▶ [Captioned web images]:

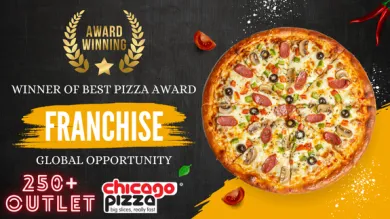 Chicago Pizza Franchise Opportunity *LIMITED TIME OFFER*
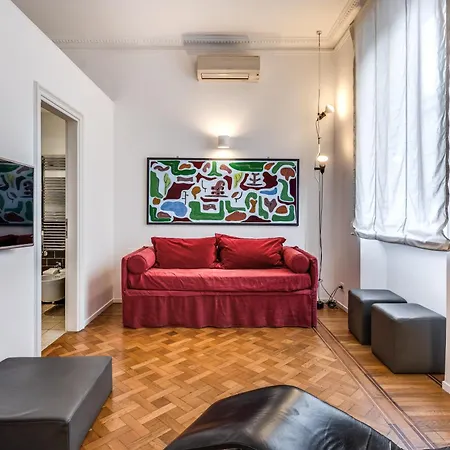 Pensión Belli36rooms Near Spanish Step And Vatican Roma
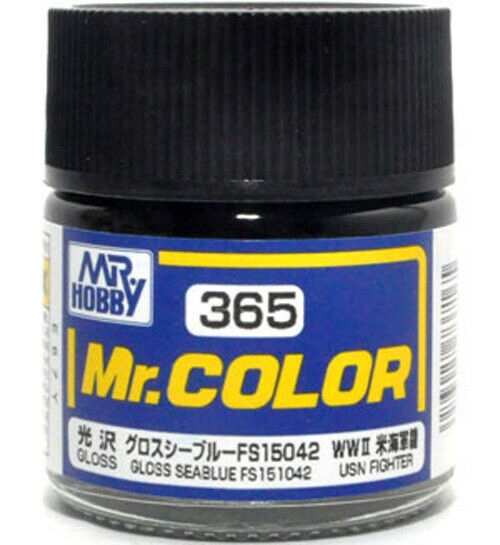 Mr.Color C365 Seablue FS151042 (Gloss)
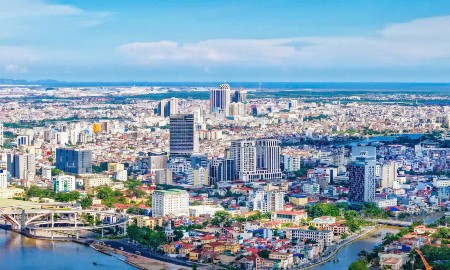 Hải Phòng dự báo hết năm 2026 sẽ có 15 khoản thu đạt và vượt dự toán thu ngân sách. Nguồn: Báo Hải Phòng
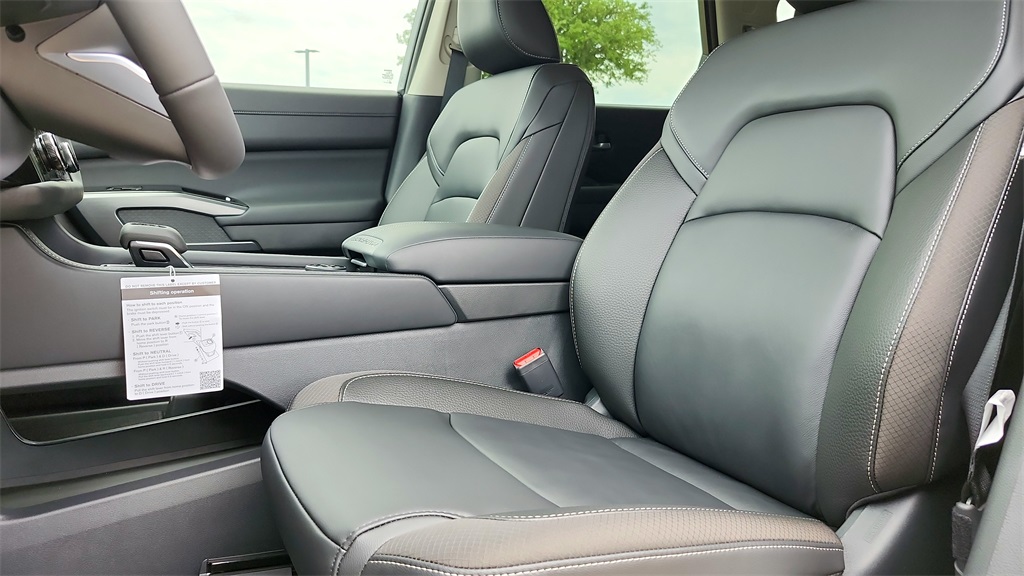 2025 Nissan Pathfinder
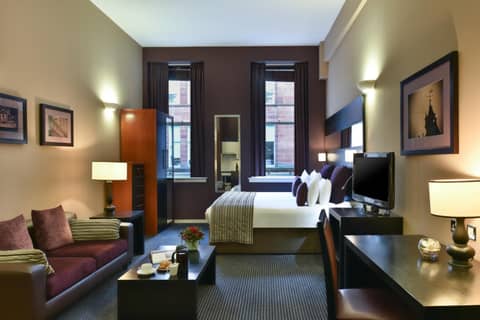 Fraser Suites Glasgow — photo 2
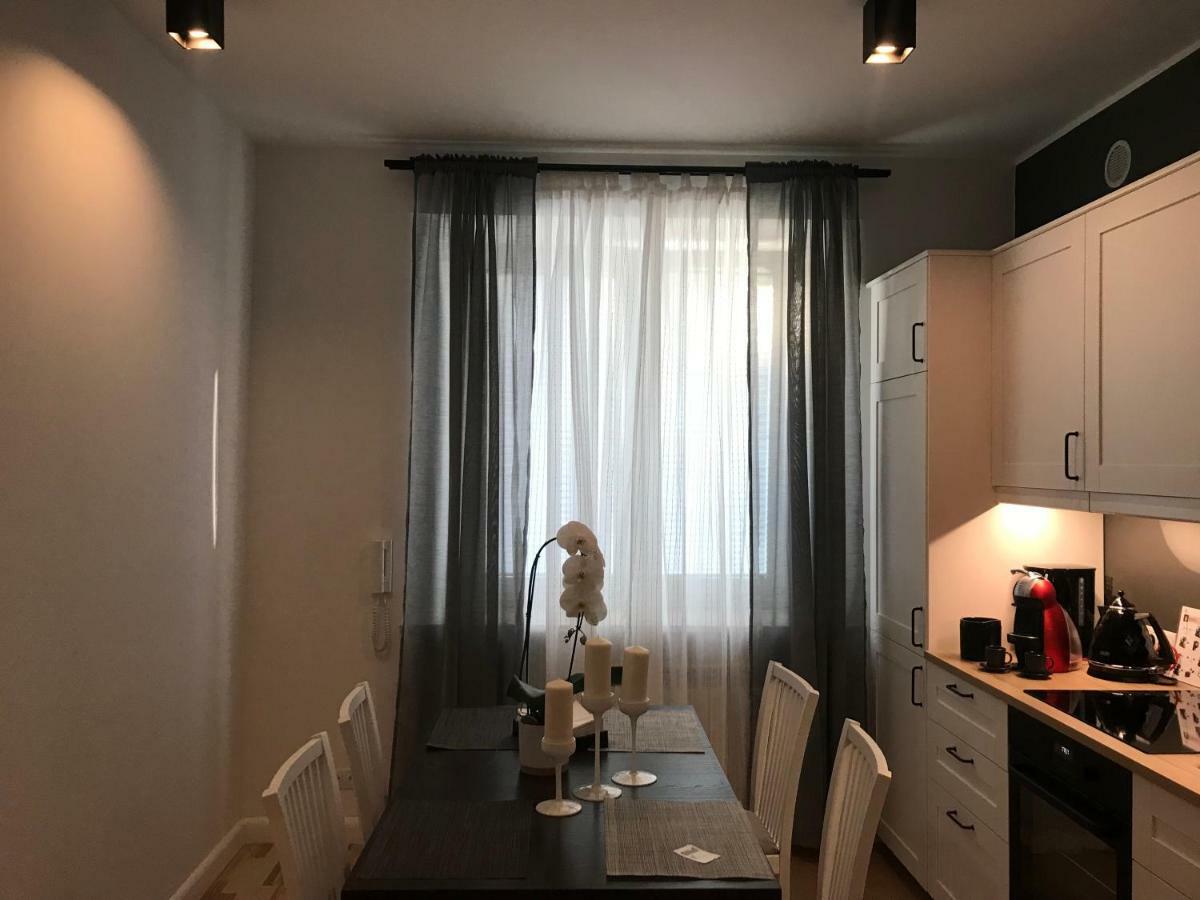 Stare Miasto Swietojerska 12 Apartment วอร์ซอ ภายนอก รูปภาพ
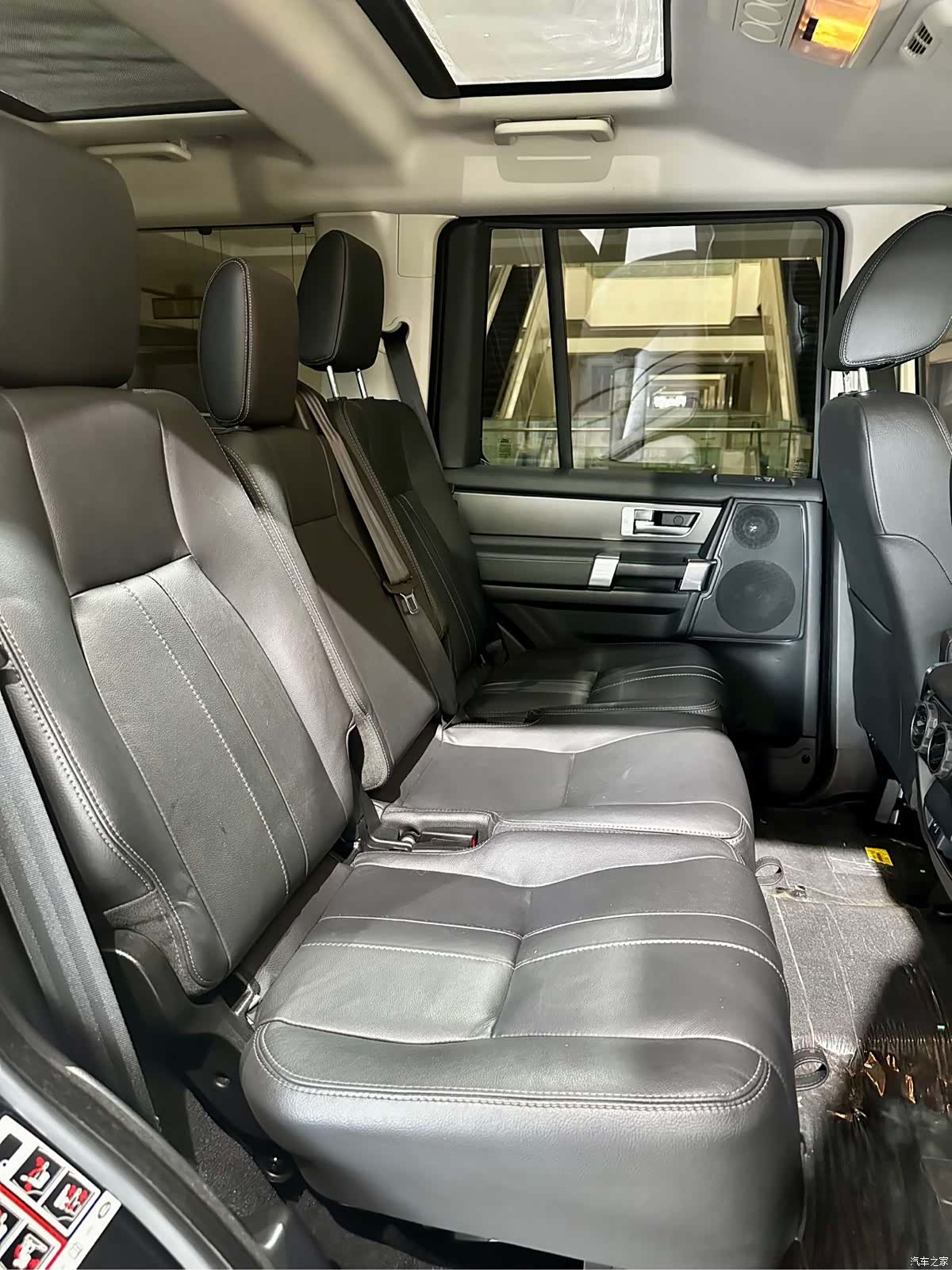 Land Rover Discovery, 2016 8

▶ [INSTRUCTIONS FOR THE TASK]:
Transcribe every entry exactly, omitting pictures.

▶ [RESPONSE AREA]:
 Chicago Pizza Franchise Opportunity *LIMITED TIME OFFER*
 Pensión Belli36rooms Near Spanish Step And Vatican Roma
 Mr.Color C365 Seablue FS151042 (Gloss)
 Hải Phòng dự báo hết năm 2026 sẽ có 15 khoản thu đạt và vượt dự toán thu ngân sách. Nguồn: Báo Hải Phòng
 2025 Nissan Pathfinder
 Fraser Suites Glasgow — photo 2
 Stare Miasto Swietojerska 12 Apartment วอร์ซอ ภายนอก รูปภาพ
 Land Rover Discovery, 2016 8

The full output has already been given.